Regulating anger in young athletes
Young athletes play sports for fun. As they age, they become aware of their thoughts, emotions, feelings and sensations. It can either be constructive or interfere with their game. You don’t have to worry so much about the positives. Negative aspects like anger and frustration need to be managed. Anger and frustration can lead to lashing out, hurting someone else, or hurting your young athlete. Learning to manage anger in sport will not only make your young athlete a better player, but it will also develop their skills off the court to make them a better person.
how to cope
There are many ways to teach your young athlete how to cope and to help him understand his feelings. But let’s look at the three essential things to develop the foundation first, for all other coping mechanisms to work effectively. First, it is necessary to teach young athletes how to control their feelings before their feelings begin to control them. The best time to do this is when situations arise. Therefore, it becomes essential that they have good role models and coping strategies to guide them properly.
1. Express does not delete.
It’s okay to express anger in a mature, non-threatening way. When a young athlete expresses his anger, he needs to know why he is angry. Sensitivity is different in everyone, so it’s hard to tell what’s right and wrong. However, teaching them to express it maturely is acceptable. When situations arise, you can structure or restructure their feelings and thoughts. They need to understand that it’s not the end of the world, that their feelings are real, and that adjusting and moving on is most important.
Rational thought and logic prevail over anger. When you think logically and rationally, it leads to positive problem-solving ability and better communication. Anger suppression leads to increasingly heightened anger.
Sometimes there is no solution. It’s just about coping, because it’s often action-reaction and consequence or cause-and-effect beyond our control. Young athletes need to understand that these situations will occur more often. And the better they can cope and stay in control, the healthier their mind, body, and spirit.
2. Teach them how they feel.
When you teach young athletes how they feel, they’re less likely to go wild. Remember that they lack the emotional maturity to deal with problems in a logical and rational way. You can simply help them by labeling their feelings. First, you have to show them how to chop it and not whip it. As feelings arise, have a plan in place to deal with them and deal with them. Understand that it will take practice and repetition to achieve this. But when you do, it will be a natural process without the steps involved. For example, if a player takes a low blow, don’t get angry. Sweep it, stay positive and play hard.
3. Use humor.
Humor is a great way to bring your young athlete back into balance and diffuse their frustration and anger. Being angry and losing your temper causes irrational thoughts and behaviors. And sometimes you have to bring your young athlete back to reality first to solve the problem. Try using humor, not sarcasm, to relax his mind. Once relaxed, this is the perfect time to let him know that he is responsible for the consequences of his anger, even provoked. Show them that laughter or humor are powerful tools to help them think before they react.

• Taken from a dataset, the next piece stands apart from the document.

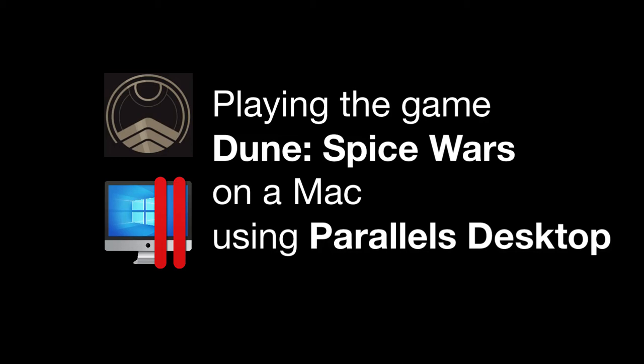This short video shows the game Dune Spice Wars running in Windows 11 on a Mac with Parallels Desktop.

Try to follow these three things when teaching your young athlete how they feel. You want to create a control, so follow the steps. Over time, the step-by-step process will become a positive health coping strategy.
1. Identify the problem.
Identify what makes them angry.
2. Create solutions and choose the best action for the solution.

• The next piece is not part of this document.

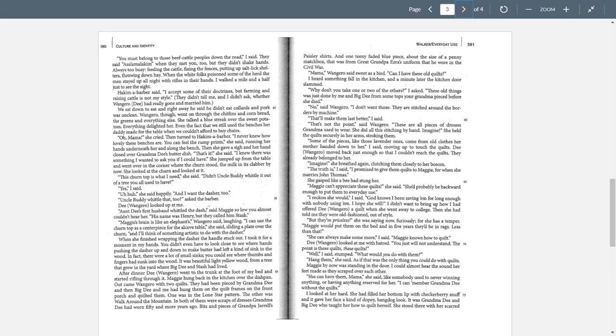She held the quilt securely in her arms, stroking them. Well, mama doesn't have to imagine. Mama was there when it happened. And quilting is part of mama's heritage culture. Not having quilts, but quilting. Not something you put up on a wall, but something you use every day. Some of these pieces, like lavender ones, come from old clothes her mother handed down to her, I said, moving up to touch the quilts. D, when Gero moved back just enough so that I couldn't reach the quilts. They already belong to her, she believes. The truth is, I said, I promised to give them quilts to Maggie for when she marries John Thomas. She gasped like a bee had stung her. Maggie can't appreciate these quilts, she said. She'd probably be backwards enough to put them to everyday use. I reckon she would. I said, God knows I've been saving them long enough for nobody using them. I hope she will.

Once you know the cause, you can help them formulate solutions and choose one without consequences. This will help them think about how they would act before doing so.
3. Consider the result, the consequence of the action.
How will the result make them feel? When the cause is created, an effect leads to a result. Therefore, the outcome should be as positive and constructive as possible.
Activities to help young athletes express their anger
If you observe your child’s behavior, you will see signs of anger or frustration. However, there are things they can do to express their anger constructively.
- Take a few laps around the field.
- To jump.
- Hit a ball.
- Breathe deeply.
Remember, one of the best things you can do is be a role model. Remember that your young athlete is constantly watching and watching you like his teacher does when he takes a test, making sure he doesn’t cheat. So give them a good example to follow. If they see you losing your temper, they will too.